Quindi Burry ha investito su assets fortemente svalutati, confermando il fatto che, per fare i soldi, bisogna comprare ai minimi, trasferendo il problema nella comprensione di quando effettivamente si sia ai minimi.

Però anche questo posizionamento si è rivelato temrporaneo:  Burry ha liquidato la maggior parte delle sue partecipazioni nel primo trimestre, vendendo non solo JD.com e Alibaba, ma anche altri 13 nomi dei 21 che costituivano le partecipazioni di Burry nel primo trimestre, tra cui che erano Zoom, Sibanye, Coherent, nomi energetici come Coterra, NOV e Devon, nonché tutte le banche che aveva acquisito durante la crisi di marzo, tra cui Capital One, Wells Fargo, Western Alliance, Pacwest e First Republic.

Ma cosa ha comprato?. Cominciamo con le maggiori disponibilità di Burry che al 30 giugno erano Expedia (10,9 milioni di dollari), Charter Communications (9,2 milioni di dollari) e Generac (8,2 milioni di dollari, che tuttavia vale sicuramente molto meno dopo i catastrofici utili del secondo trimestre della società che hanno spazzato via quasi un terzo del suo valore).

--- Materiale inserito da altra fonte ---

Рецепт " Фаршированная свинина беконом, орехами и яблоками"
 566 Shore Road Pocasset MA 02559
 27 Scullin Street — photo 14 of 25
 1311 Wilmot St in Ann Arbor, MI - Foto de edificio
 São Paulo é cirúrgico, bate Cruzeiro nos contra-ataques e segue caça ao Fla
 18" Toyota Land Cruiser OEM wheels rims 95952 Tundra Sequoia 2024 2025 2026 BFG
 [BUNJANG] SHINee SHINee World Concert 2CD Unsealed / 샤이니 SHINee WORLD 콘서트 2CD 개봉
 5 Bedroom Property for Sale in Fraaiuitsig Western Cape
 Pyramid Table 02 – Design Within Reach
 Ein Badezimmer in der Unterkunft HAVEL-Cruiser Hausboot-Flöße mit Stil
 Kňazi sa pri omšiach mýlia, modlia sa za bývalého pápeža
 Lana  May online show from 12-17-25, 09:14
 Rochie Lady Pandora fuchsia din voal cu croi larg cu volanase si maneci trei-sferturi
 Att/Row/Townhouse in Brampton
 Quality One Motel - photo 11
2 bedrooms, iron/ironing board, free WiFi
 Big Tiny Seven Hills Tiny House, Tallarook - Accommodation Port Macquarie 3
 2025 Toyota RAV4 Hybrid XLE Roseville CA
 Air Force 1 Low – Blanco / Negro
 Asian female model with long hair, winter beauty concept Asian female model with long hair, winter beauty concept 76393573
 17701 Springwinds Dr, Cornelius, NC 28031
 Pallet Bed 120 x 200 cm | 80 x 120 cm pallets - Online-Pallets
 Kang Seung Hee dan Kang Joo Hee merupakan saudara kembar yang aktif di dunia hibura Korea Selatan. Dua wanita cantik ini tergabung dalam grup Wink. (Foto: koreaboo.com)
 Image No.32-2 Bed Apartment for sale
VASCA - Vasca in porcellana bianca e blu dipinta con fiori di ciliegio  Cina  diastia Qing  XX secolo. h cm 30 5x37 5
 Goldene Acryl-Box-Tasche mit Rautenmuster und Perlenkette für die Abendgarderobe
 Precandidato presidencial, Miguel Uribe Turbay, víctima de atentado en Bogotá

Altri nomi aggiunti da Burry sono stati Cigna, CVS, MGM, Stellantis, Vital, che rappresentavano tutti nuove posizioni di milioni a una cifra medio-alta (l’elenco completo è di seguito).

Ma ciò che è stato lo sviluppo più interessante non sono stati i singoli nomi che Burry ha acquistato o venduto, ma i suoi ETF e le operazioni in derivati.

Partendo dall’alto, a giugno, Burry possedeva due blocchi da 2 milioni di equivalenti nozionali di SPY put (per un valore nozionale equivalente di 887 milioni di dollari) e QQQ put (un equivalente nozionale di 739 milioni di dollari). In totale, le operazioni di Burry possedute sia sull’S&P che sul Nasdaq 100 per un equivalente nozionale di 1,625 miliardi di dollari (che ovviamente non è il capitale a rischio, e il premio effettivo pagato da Burry per tali operazioni è inferiore di ordini di grandezza), e che sono entrambi profondamente sommersi in questo momento poiché sia lo S&P che il Nasdaq sono scambiati molto al di sopra del livello del 30 giugno.

In altre parole, nel secondo trimestre, Burry aveva fatto un’altra scommessa “big short” gigantesca su un mercato molto ampio, che però poi ha chiuso prima del terzo trimestre e con perdite ampie. Questa volta il genio di Big Short ha toppato: anche lui sbaglia.  Oppure il mercato ormai è talmente falsato che non rispetta neppure le previsioni razionali.